I could have sworn we had an election in November 2012. I remember voting. I remember the installing of a president, was it Obama? I remember complaining about how long the campaign season was in 2012. I must be losing my mind. We seem still to be in campaign mode, if the ads on television are saying what I think they are.
I looked it up and found that 2013 is not an election year. I’m not slipping – politicians are just rushing the gun. As far as I know, only one candidate has declared to run next year. That candidate is the perennial Mitch McConnell, who seems to be demolishing in advance the people who might have the temerity to talk about maybe running against him.
Not only must we put up with this campaign for senator a year too early, the campaign against Hillary for president in 2016 has already begun. I understand thinking ahead, but this is ridiculous and very wearying to the electorate.
Meanwhile, who’s running the store? Congress is working its regular three days a week between vacations and nothing is getting done except a lot of votes against and vituperations delaying the business of the United States.
This situation makes a cynic out of me, whose earlier life was spent believing that good things happen if the people want them to and that we have the duty as citizens to make those good ideas tangible. For most of my life, that happened. Life got better for most people and many wrongs turned into rights.

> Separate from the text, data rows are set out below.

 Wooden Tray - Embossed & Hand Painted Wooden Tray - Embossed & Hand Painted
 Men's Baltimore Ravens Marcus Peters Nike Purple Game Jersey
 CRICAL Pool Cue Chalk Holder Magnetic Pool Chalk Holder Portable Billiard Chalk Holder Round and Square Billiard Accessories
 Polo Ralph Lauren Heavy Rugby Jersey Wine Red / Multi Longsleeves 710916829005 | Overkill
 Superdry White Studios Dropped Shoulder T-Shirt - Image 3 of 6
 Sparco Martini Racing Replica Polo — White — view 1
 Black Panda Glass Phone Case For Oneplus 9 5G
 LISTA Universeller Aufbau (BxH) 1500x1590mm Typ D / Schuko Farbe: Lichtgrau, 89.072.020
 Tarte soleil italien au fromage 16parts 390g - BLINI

Since we now have 24-7 news cycles – and maybe because we are bombarded with news – it has become impossible to believe in good things being intended and coming to pass. So I, the eternal optimist, am now a cynic.
That’s a fact of life, but more disturbing than my disillusionment is the cynicism of young people. I had dinner last week with my children (son and darling daughter-in-law and her daughter, my 35-year-old granddaughter). I’m deleting “step” from my vocabulary. She and her sister are now my granddaughters and Marsha’s grandchildren are my great grandchildren. The nomenclature is less clear but emotionally more satisfying.
Anyway, I was surprised to find my granddaughter even more cynical than I am. There’s something unfair about that. She and her generation should have some years of believing before they have lost their illusions – or maybe they haven’t been allowed to have any illusions.
The subject for this column is a little different from the one I had in mind until last Friday night. I was beginning to have that Watergate feeling (the “don’t trust anyone” wariness) and coincidentally (maybe) on the TV was shown again that excellent movie about Woodward and Bernstein who reported the Watergate mess. Thinking I was ahead of everybody else with that feeling, I was intending to use it for this column. Alas, the Friday night political shows on KET made the same comparisons even better than I was doing. I was scooped. Watching those programs was reassuring for me: other and better informed newspeople arrived at the same suspicions I had.